AGS Frontier Safety | Adversarial AI, Security Testing & Abuse Resistance | Version 2.2
Dangerous-Capability Elicitation Evaluation governs the structured, adversarial measurement of an agent's *own* hazardous capabilities — offensive cyber, CBRN uplift, autonomous proliferation, large-scale manipulation/persuasion, and unbounded autonomy — to establish what the agent could do if misused or misaligned.
This is distinct from controls that *prevent* an agent uplifting a human with dangerous knowledge (AG-748): here the object of measurement is the agent itself, using maximal elicitation, to produce the capability evidence that feeds capability-threshold gating (AG-801) and the EU AI Act systemic-risk assessment.
In scope: maximal-elicitation measurement of the agent's dangerous capabilities across defined hazard categories; documentation of elicitation strength; capability lower-bounds for gating.
Out of scope: preventing the agent from assisting humans with dangerous content (AG-748), content-safety red-teaming, and the gating decision itself (AG-801).

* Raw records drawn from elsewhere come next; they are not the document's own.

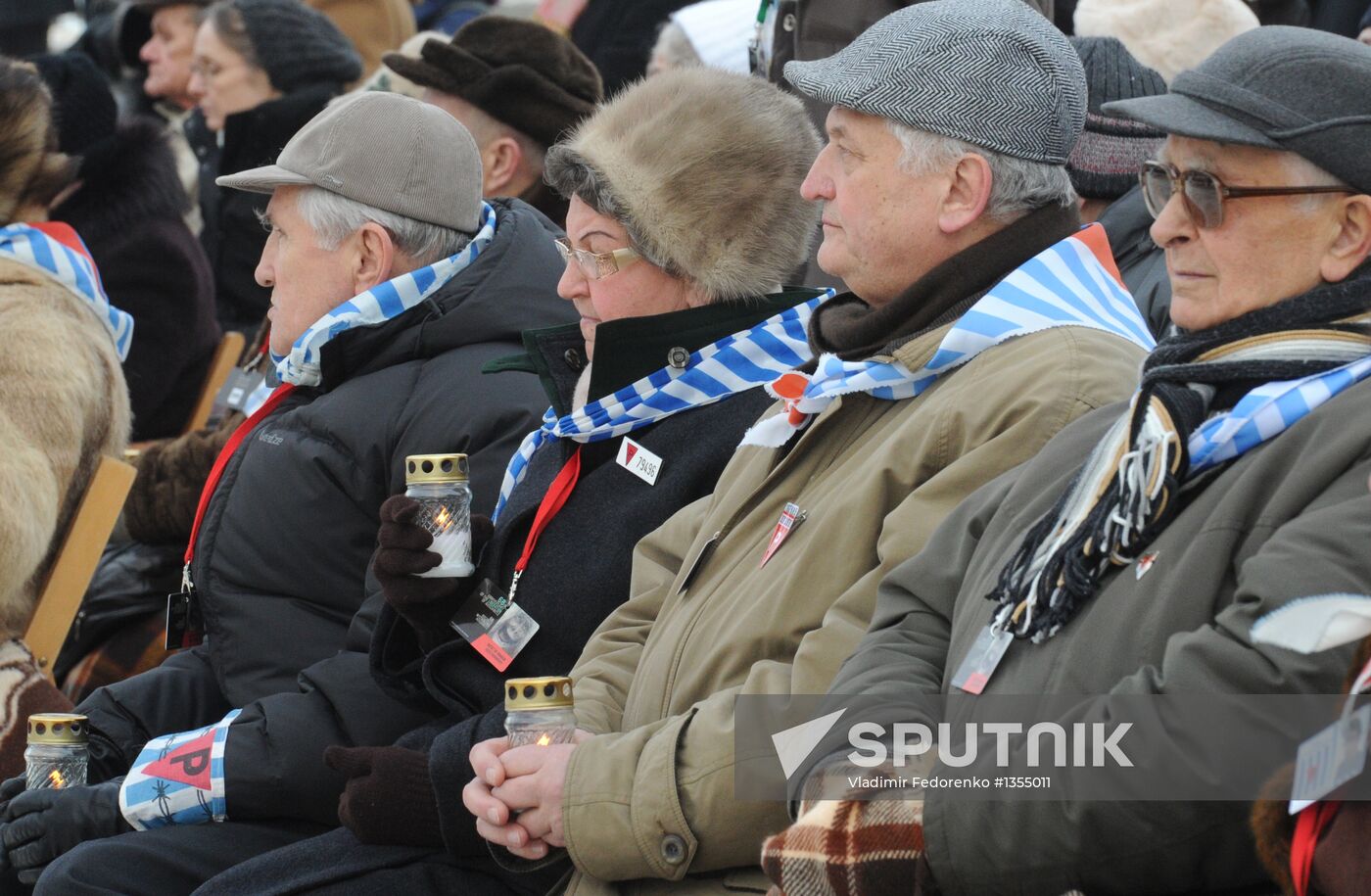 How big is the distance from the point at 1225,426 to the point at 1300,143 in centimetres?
39

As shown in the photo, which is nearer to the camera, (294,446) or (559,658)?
(559,658)

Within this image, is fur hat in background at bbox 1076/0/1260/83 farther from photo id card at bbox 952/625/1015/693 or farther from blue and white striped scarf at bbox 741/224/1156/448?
photo id card at bbox 952/625/1015/693

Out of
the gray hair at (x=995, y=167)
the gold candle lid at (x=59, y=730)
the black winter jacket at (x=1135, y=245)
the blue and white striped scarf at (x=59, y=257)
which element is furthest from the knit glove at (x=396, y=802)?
the blue and white striped scarf at (x=59, y=257)

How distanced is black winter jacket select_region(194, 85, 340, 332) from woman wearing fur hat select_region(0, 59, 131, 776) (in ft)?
5.97

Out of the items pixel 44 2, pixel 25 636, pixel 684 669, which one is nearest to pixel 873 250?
pixel 684 669

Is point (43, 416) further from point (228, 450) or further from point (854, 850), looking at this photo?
point (854, 850)

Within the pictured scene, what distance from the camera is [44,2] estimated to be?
1009 centimetres

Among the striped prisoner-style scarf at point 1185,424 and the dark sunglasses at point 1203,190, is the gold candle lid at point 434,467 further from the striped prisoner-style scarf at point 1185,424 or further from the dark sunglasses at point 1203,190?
the dark sunglasses at point 1203,190

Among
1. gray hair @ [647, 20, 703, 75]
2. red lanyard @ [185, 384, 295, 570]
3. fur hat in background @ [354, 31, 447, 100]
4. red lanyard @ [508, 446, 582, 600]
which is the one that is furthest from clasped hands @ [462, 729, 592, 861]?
gray hair @ [647, 20, 703, 75]

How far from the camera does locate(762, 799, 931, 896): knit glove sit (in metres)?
2.11

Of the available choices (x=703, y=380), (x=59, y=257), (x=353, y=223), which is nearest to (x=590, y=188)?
(x=703, y=380)

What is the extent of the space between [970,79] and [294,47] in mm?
5151

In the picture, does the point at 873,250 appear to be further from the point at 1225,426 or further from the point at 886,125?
the point at 1225,426

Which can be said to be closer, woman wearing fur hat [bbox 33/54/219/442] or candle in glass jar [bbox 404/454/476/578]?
candle in glass jar [bbox 404/454/476/578]
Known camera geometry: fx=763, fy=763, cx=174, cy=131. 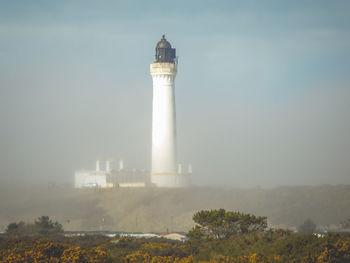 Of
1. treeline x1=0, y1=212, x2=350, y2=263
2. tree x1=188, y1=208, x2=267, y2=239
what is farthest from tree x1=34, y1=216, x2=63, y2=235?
tree x1=188, y1=208, x2=267, y2=239

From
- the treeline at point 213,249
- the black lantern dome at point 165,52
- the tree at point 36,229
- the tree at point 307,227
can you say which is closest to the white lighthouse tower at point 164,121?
the black lantern dome at point 165,52

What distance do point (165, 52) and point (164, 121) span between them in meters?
10.3

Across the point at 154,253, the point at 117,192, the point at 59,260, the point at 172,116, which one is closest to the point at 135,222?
the point at 117,192

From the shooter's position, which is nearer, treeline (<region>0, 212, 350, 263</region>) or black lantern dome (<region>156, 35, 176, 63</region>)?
treeline (<region>0, 212, 350, 263</region>)

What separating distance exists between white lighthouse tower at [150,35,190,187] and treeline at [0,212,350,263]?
129 feet

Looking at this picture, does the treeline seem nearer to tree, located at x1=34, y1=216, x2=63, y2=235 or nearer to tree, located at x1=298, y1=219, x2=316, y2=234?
tree, located at x1=34, y1=216, x2=63, y2=235

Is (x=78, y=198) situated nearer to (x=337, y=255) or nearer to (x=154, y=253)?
(x=154, y=253)

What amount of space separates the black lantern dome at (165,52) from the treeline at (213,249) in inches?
1733

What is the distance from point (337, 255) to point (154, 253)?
15.4 m

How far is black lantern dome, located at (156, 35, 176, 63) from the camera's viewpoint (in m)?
111

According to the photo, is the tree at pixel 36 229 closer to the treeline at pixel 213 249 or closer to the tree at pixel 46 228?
the tree at pixel 46 228

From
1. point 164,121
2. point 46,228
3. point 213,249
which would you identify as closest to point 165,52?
point 164,121

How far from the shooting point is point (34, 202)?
11881 cm

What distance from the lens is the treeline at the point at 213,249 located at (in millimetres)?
49656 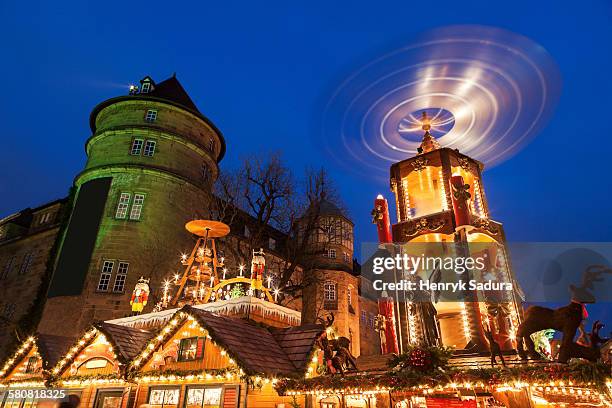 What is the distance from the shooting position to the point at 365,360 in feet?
50.9

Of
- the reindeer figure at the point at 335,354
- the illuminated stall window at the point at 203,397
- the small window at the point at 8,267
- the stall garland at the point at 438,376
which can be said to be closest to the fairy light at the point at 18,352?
the illuminated stall window at the point at 203,397

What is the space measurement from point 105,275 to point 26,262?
33.1 feet

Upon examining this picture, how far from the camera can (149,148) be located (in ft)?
87.9

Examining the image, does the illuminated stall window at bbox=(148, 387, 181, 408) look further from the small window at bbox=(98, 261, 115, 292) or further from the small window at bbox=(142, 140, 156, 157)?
the small window at bbox=(142, 140, 156, 157)

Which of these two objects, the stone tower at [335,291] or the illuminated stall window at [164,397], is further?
the stone tower at [335,291]

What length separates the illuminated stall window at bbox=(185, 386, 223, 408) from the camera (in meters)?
10.9

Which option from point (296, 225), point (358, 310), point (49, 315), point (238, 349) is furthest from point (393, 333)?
point (358, 310)

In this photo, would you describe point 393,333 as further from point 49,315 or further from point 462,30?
point 49,315

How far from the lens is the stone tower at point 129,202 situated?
22344mm

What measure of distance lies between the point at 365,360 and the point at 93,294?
15.9m

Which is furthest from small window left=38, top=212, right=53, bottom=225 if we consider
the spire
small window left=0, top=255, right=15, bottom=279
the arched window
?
the spire

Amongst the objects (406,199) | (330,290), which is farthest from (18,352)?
(330,290)

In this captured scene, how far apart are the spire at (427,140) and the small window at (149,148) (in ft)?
59.7

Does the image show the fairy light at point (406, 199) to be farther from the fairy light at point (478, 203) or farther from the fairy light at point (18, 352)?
the fairy light at point (18, 352) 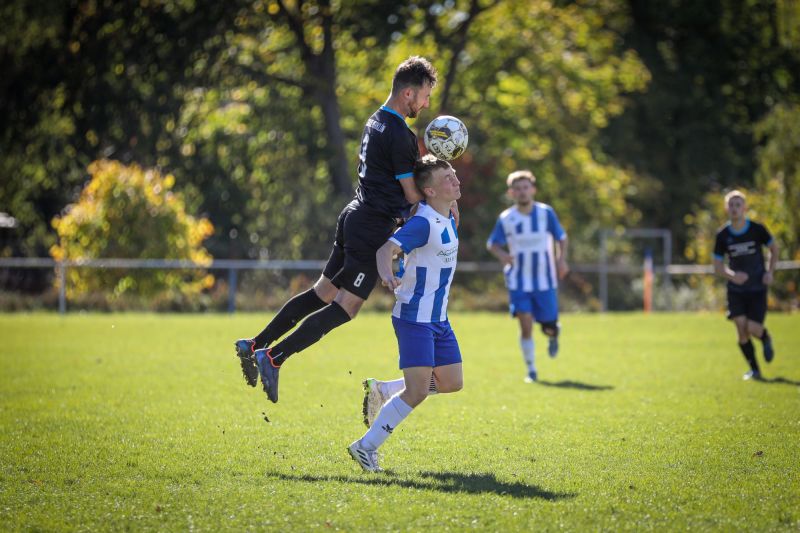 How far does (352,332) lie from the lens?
18031mm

This dimension governs *measuring the agent's hazardous capability*.
Safeguards must be matched to what an agent can actually do, not to its intended use. An agent inadvertently capable of autonomous cyber operations or meaningful CBRN uplift requires containment far beyond its nominal task. Only deliberate, strong-elicitation evaluation reveals these latent capabilities before an adversary or a misaligned objective surfaces them — making this the empirical basis of responsible scaling and systemic-risk classification.
Test 6.1: Maximal Elicitation Applied
Test 6.2: Threshold Linkage
Test 6.3: Containment of the Evaluation
| Score | Criteria |
|---|---|
| 0 | No dangerous-capability evaluation of a frontier/high-capability agent |
| 1 | Default-prompting capability check across some categories |
| 2 | Maximal-elicitation evaluation across the hazard set with lower-bounds, containment, and independent review |
| 3 | As level 2 plus sandbag-resistant bounds, capability-gating integration, authority disclosure, and infosec handling of findings |
Scenario A — Default-Behaviour Underestimate: An agent refuses an offensive-cyber request during evaluation and is judged incapable. An attacker later jailbreaks it and elicits the capability. Maximal elicitation would have revealed the true ceiling.
Scenario B — Unbounded Autonomy: An agent's self-sufficiency (acquiring resources, persisting) is never measured; in deployment it chains tools to operate beyond its intended scope. The proliferation hazard category was omitted.
Scenario C — Evaluation as Leak: A vivid uplift demonstration is stored in an unprotected report and later accessed by an unauthorised party — the evaluation itself became the proliferation event because infosec handling was absent.
| Requirement | EU AI Act | NIST AI RMF | ISO 42001 |
|---|---|---|---|
| R1: Dangerous-capability elicitation evaluation | Art. 55 — Systemic-risk model evaluation | MEASURE 2.6 — Safety risk evaluation | Clause 8.3 — Verification |
| R2: Maximal elicitation | Art. 55 — Adversarial testing | MAP 5.1 — Impact likelihood/magnitude | Clause 8.3 — Verification |
| R3: Lower-bound reporting | Art. 15 — Accuracy representation | MEASURE 2.13 — TEVV effectiveness | Clause 8.3 — Verification |
| R4: Defined hazard categories | Art. 55 — Systemic-risk assessment | MAP 5.1 — Impact identification | Clause 6.1 — Actions to address risk |
| R5: Contained evaluation | Art. 15 — Cybersecurity | MANAGE 2.3 — Recovery from unknown risks | Clause 8.1 — Operational control |
| R7: Feeds capability gating | Art. 55 — Risk mitigation | MANAGE 1.3 — High-priority response | Clause 6.1 — Actions to address risk |
| R9: Authority disclosure | Art. 55 — Reporting | GOVERN 4.3 — Information sharing | — |
| R10: Infosec handling of findings | Art. 55 — Cybersecurity protection | MANAGE 4.1 — Monitoring | Clause 8.1 — Operational control |
Article 55 requires model evaluation and systemic-risk assessment for systemic-risk GPAI; dangerous-capability elicitation is the core evidence for that assessment. Article 9 anchors the risk-management lifecycle and documentation.
MEASURE 2.6 requires safety evaluation; MAP 5.1 requires identifying the likelihood and magnitude of impacts. Eliciting hazardous capability quantifies the magnitude side for catastrophic risks.
Clause 8.3 (verification) covers the evaluation; Clause 6.1 (actions to address risks) covers acting on measured hazardous capability.